The second episode begins in 1804 with the controversial arrest and execution of the duc d'Enghien, followed by the elevation of members of the House of Bonaparte, and Napoleon's imperial coronation. There is an extended sequence showing the Battle of Austerlitz (1805), followed by a brief scene of the Battle of Jena-Auerstedt (1806). Napoleon's affair with Maria Walewska is also shown, as are the troubles with his wife. It ends with the Battle of Eylau (1807), with Napoleon waiting desperately for the reinforcements led by Marshal Michel Ney.
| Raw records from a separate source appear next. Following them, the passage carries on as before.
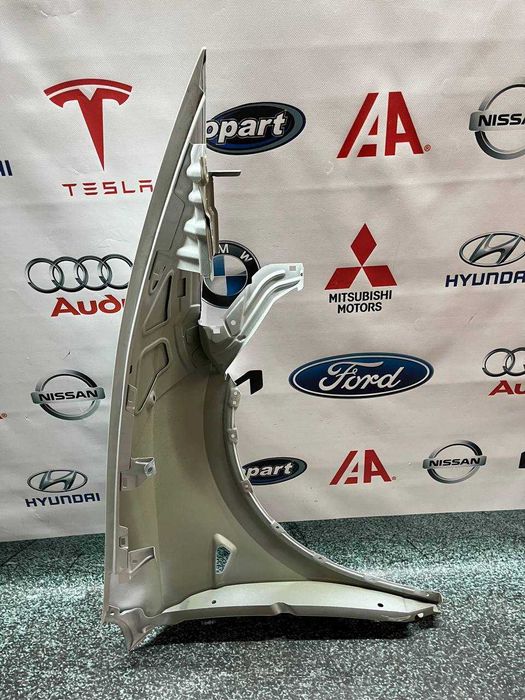 Крило переднє ліве Tesla model y 2025+ juniper в колір (ppsw)
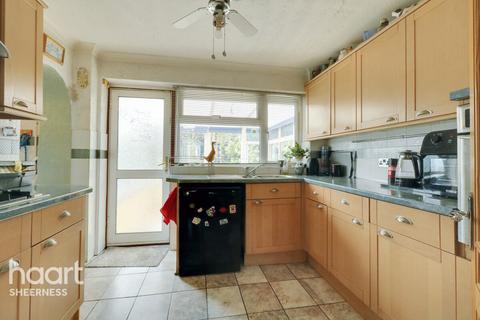4 bedroom semi-detached house for sale, Cliff Gardens, Sheerness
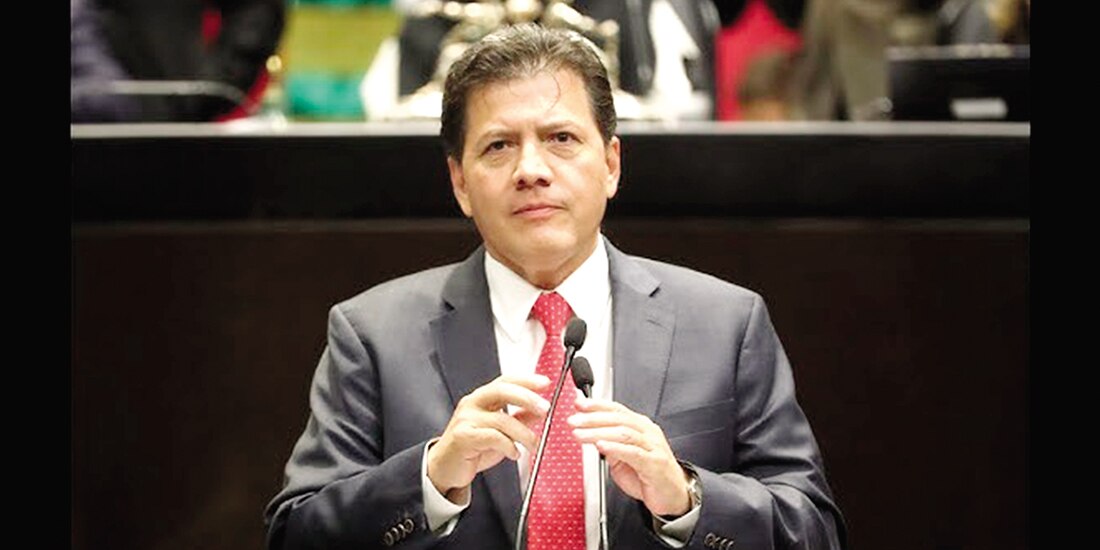 víctor hugo Lobo, diputado federal por Morena, en sesión del 19 de mayo, en foto de archivo.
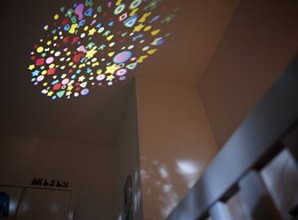 lampe bebe projection plafond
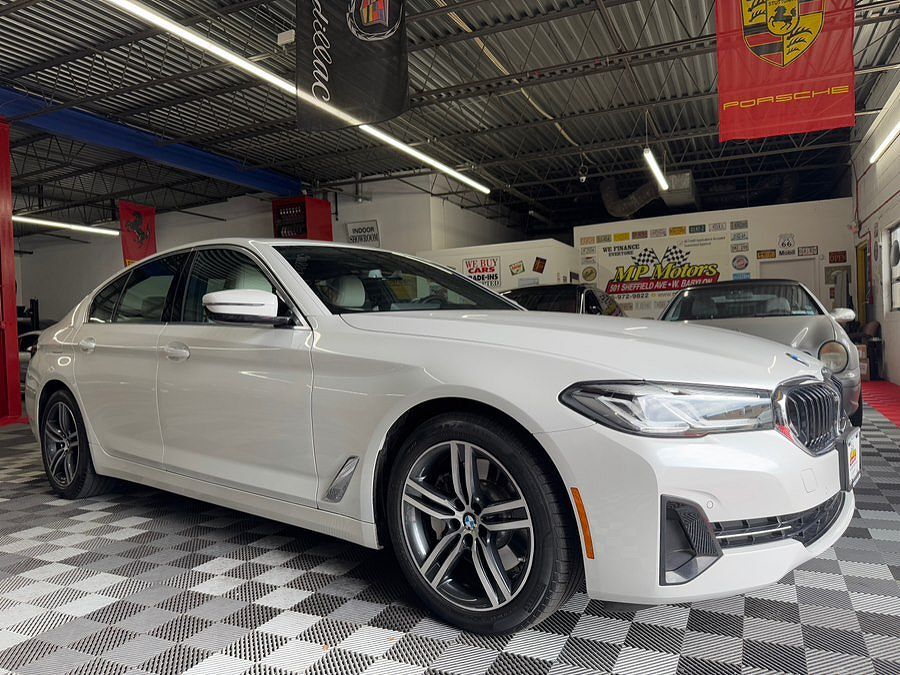 2022 BMW 5 Series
The third episode begins with the timely arrival of Ney at Eylau. Napoleon then concludes a short-lived peace treaty with Alexander at Tilsit as the costly Peninsular War starts and troubles with his family and imperial succession begin to dominate. Next is the defeat at the Battle of Aspern-Essling (1809) and his marriage to the Duchess of Parma in 1810 and the birth of a son in 1811. Napoleon, feeling provoked by the Russians, invades in 1812 and watches from the Kremlin as Moscow ignites.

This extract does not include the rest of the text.